*Required action*
Your reply is to be the lines below, exactly as written, with images omitted.

*Stored data*
☆ ☆ ☆ ☆ ☆ ☆ ☆

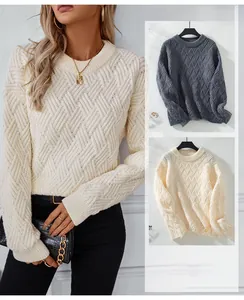 Close-up detail of the cable knit texture and ribbed crew neck on this winter sweater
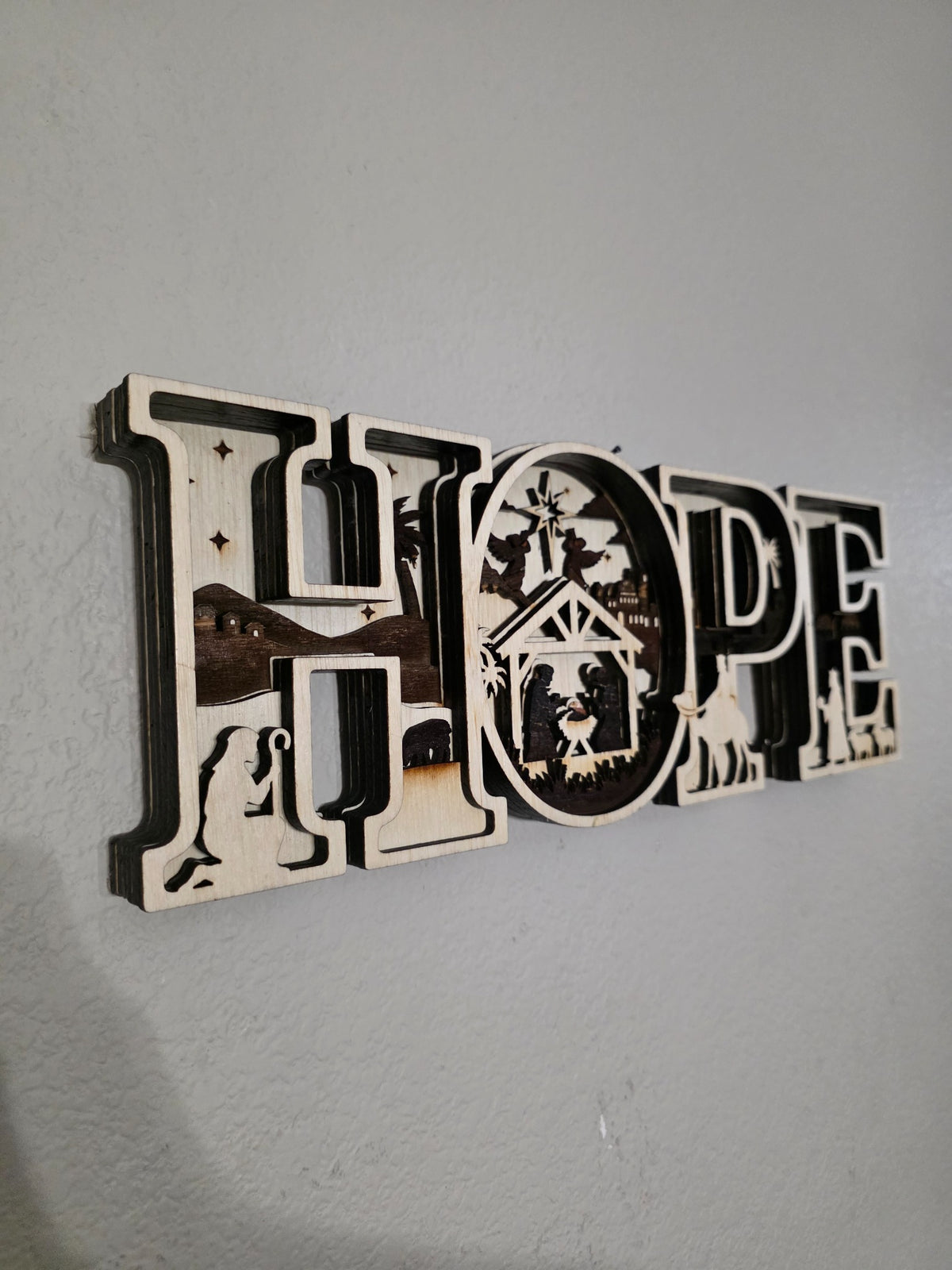 Left angle of HOPE nativity layered wood wall art showing dimensional layers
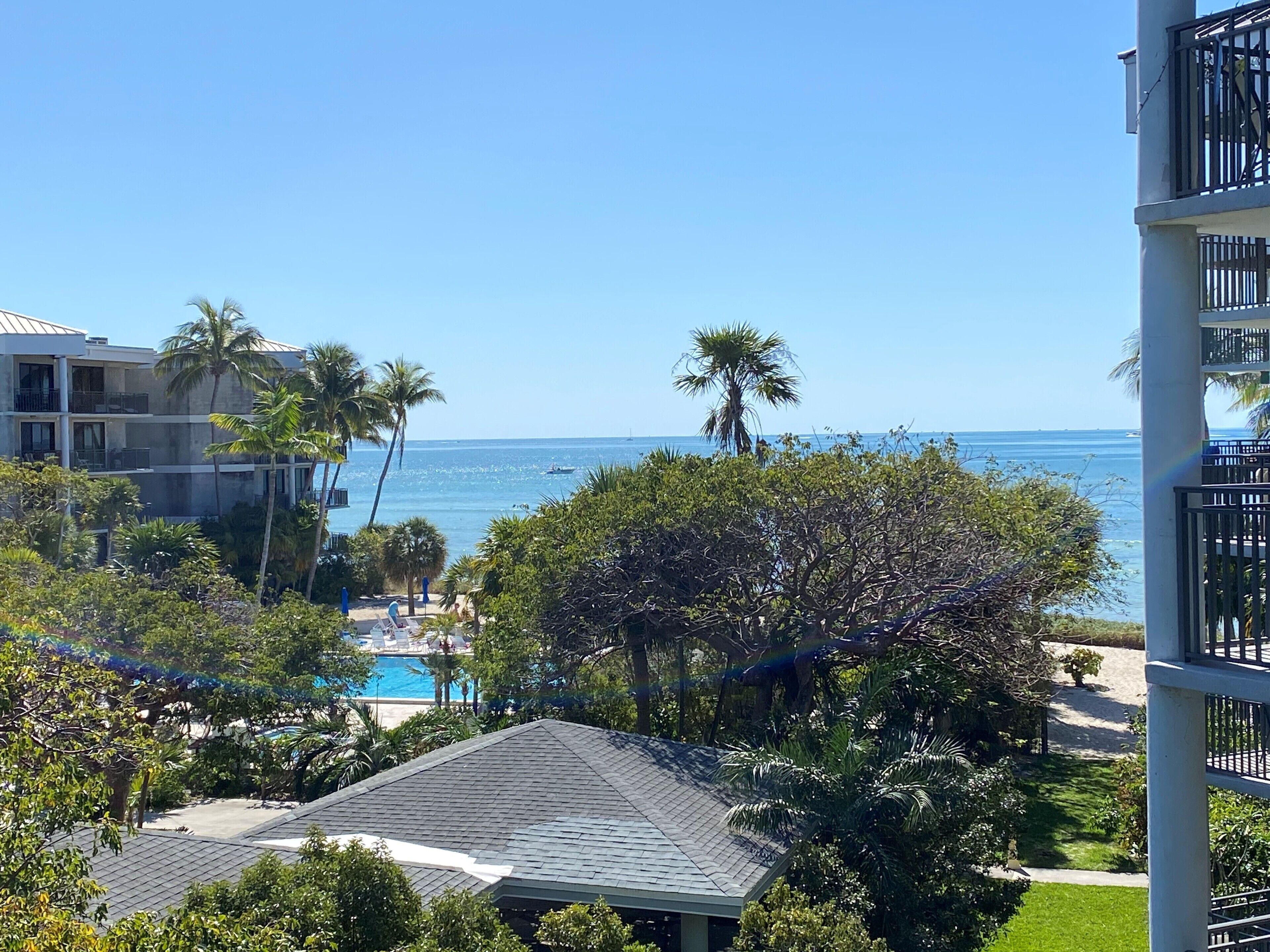 Ein Resort mit Pool, Palmen und Meerblick.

☆ ☆ ☆ ☆ ☆ ☆ ☆

*Solution to this task*
 Close-up detail of the cable knit texture and ribbed crew neck on this winter sweater
 Left angle of HOPE nativity layered wood wall art showing dimensional layers
 Ein Resort mit Pool, Palmen und Meerblick.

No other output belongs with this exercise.